In 1680, Francis Plunkett (traditionally said to have been a descendent of Christopher) signed a 61 year lease with Taylor for “All of… Ardmagh alias Ardmaghbreagagh… part of the lands of Moate…” and a few other bits of land. So the Plunketts once again had the lands, though with an Anglo overlord, and the castle may have already been in ruins. They seem to have lived in the “Mansion-House in Moate”. I haven’t traced exactly where this was. The 1836 OS namebook (quoted on the Logainm entry for Moat) says “There is a large fort about the middle of the townland and a moat about 1/4 mile south of the fort.” The aerial photograph map shows what looks like the fort north of the road, and the moat south. Was the mansion house at the moat?

Francis died in 1682. His grave-slab is carved with an effigy of him with his wife Catherine; it is in Robertstown churchyard. In his will, he divided the estate between Catherine, and their sons. But their eldest son Thomas Plunkett (born c.1670) was still a minor, so Catherine took over the entire estate and paid the rent then due to her superior, Sir Thomas Taylor, 1st Baronet (who had inherited the lands from his father Thomas Taylor). Within a few years, some time in the 1680s, widow Catherine had married again, to Edward Dowdall, a Captain in King James’s army.

Eleanor Plunkett’s birth

Catherine’s son, Thomas Plunkett, also married about that time. His wife was Bridget, and they had two daughters. The first daughter, Eleanor Plunkett, was born c.1686/7, and their second daughter, Mary Plunkett, was born c.1687/8.

(I’m trying to work out the dates and ages based on the information given by Ní Shúilliobháin.)

In 1690 the political tensions came to a head with the battle of the Boyne. The Plunketts were on the losing Jacobite side, and so Sir Thomas Taylor, baronet, went to the estate, seized “goods, moveables and corn”, put his soldiers into the manor house, and took Catherine prisoner and sent her into exile to Connacht; she later fled to France. Sir Thomas Taylor took direct possession of all the estates, and seems to have regarded the Plunkett lease as being void.

In 1691, the young Thomas Plunkett was murdered on the road, leaving a young widow Bridget, and two daughters, Eleanor aged four, and Mary aged three.

In 1692, widow Bridget signed a new lease with Taylor for a good portion of the old lands. In 1695 her mother-in-law Catherine returned from her exile in France and managed to get Taylor to let her have a house and garden to live in.

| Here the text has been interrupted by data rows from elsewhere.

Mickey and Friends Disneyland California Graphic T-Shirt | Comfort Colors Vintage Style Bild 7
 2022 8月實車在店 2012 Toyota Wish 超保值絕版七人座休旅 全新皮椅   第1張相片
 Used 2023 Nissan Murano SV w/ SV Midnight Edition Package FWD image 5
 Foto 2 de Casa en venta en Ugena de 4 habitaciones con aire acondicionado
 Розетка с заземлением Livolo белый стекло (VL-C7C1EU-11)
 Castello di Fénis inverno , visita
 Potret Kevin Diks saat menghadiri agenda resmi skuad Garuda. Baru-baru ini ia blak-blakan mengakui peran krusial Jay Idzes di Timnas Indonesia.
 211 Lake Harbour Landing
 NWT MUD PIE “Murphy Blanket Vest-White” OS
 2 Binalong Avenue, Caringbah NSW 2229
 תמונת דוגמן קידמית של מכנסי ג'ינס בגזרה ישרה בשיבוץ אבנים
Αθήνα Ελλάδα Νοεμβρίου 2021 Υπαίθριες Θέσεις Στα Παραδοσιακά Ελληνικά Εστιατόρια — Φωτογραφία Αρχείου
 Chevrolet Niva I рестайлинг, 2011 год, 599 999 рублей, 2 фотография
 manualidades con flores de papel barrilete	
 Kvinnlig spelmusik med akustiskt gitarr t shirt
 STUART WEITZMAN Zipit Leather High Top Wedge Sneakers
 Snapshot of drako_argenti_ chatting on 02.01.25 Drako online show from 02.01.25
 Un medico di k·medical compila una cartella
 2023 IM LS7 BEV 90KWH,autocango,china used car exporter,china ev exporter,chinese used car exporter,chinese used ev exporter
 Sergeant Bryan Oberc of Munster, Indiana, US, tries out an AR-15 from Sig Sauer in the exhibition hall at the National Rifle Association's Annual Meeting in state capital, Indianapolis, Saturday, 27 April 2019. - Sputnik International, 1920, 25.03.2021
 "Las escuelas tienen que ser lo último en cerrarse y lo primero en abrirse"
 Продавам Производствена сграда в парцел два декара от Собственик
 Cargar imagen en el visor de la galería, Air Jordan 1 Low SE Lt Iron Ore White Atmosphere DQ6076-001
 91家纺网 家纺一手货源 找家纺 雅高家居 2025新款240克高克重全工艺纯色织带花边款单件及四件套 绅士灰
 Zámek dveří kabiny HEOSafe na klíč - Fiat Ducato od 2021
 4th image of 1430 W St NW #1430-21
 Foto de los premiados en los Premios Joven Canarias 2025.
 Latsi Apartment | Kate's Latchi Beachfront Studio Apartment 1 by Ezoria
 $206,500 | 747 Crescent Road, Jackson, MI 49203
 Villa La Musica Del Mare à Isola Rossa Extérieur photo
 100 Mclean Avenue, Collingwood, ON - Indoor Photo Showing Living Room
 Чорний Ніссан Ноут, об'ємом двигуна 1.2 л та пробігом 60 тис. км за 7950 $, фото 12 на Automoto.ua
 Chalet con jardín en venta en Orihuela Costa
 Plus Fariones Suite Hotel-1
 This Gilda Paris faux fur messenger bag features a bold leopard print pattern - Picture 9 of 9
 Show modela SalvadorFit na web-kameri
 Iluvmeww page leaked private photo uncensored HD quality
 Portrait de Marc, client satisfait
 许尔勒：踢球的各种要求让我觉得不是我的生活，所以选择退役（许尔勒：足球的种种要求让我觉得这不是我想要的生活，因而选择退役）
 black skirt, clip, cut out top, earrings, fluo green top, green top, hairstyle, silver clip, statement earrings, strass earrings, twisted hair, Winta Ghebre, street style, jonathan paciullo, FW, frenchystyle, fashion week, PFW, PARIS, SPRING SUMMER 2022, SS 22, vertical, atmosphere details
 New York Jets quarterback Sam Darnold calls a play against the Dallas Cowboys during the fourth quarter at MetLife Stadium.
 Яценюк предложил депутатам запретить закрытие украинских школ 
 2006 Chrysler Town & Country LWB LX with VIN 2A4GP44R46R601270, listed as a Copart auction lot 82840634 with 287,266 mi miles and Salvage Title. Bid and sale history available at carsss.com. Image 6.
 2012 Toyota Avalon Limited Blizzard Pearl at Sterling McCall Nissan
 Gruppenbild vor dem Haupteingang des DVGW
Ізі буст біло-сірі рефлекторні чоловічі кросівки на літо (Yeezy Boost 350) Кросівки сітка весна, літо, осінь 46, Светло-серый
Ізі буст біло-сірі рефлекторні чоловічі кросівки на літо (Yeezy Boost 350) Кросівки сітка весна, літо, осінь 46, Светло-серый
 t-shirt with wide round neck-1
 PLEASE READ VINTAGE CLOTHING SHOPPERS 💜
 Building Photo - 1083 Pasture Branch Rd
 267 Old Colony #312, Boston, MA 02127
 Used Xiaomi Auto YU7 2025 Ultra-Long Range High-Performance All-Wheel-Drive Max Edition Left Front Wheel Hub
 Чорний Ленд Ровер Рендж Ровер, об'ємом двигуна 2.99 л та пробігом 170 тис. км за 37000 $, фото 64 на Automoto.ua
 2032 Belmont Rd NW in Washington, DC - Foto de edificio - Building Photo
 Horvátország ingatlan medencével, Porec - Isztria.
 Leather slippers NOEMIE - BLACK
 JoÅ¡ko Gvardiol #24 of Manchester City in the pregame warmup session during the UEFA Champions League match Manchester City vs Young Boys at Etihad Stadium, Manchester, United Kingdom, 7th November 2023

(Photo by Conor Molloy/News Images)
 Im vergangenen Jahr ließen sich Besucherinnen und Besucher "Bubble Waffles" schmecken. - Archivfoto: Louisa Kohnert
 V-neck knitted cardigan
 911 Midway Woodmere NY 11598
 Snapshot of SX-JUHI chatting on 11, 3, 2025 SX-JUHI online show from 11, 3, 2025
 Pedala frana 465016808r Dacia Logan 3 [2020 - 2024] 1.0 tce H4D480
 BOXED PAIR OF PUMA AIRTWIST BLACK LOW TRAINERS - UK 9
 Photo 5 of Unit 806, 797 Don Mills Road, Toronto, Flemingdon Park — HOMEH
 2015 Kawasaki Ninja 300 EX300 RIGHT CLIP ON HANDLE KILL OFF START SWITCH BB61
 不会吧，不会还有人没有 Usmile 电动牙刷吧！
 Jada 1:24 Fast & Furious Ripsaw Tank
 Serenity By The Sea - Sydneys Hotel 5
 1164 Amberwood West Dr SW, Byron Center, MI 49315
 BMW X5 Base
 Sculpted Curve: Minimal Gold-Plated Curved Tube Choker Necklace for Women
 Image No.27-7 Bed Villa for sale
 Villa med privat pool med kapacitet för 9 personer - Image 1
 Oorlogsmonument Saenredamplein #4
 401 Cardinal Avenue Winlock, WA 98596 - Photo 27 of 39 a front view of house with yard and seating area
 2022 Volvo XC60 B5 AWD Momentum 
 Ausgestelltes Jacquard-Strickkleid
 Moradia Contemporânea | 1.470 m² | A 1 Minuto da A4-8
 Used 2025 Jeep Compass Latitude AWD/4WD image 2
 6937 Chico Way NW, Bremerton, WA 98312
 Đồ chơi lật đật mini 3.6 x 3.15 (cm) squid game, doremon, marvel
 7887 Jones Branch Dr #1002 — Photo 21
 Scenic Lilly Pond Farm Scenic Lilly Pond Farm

Bridget had re-married to Walker, a lawyer. She died in 1704, leaving Eleanor (aged about 17) and Mary (aged about 16) as orphans.

So the two sisters grew up, and married. Eleanor Plunkett married John Cahill, and became Mrs Ellinor Cahill. Mary Plunkett, her sister, married William Donnellan, and became Mrs. Mary Donnellan.

The legal battle

In March 1719, they found the old 1680 lease which had been signed by their grandfather, Francis Plunkett, giving him title to the estates in Armaghbreague and Moat for 61 years (i.e. the lease didn’t run out until 1741). Eleanor was about 32 years old by this time. The sisters Eleanor Plunkett and Mary Plunkett and their two husbands, started legal proceedings in May 1720, to try and undo the change of ownership out of Plunkett hands after Francis’s death. Basically they were trying to get all the lands back from Taylor. It was a long and difficult case; the religious prohibitions and discrimination against Catholics made it hard, but in 1722 the case was decided in their favour; they were to get all the land and property, for the duration of the remaining original lease. They were also awarded compensation for Sir Thomas’s occupation of the land, and they were also awarded their legal costs.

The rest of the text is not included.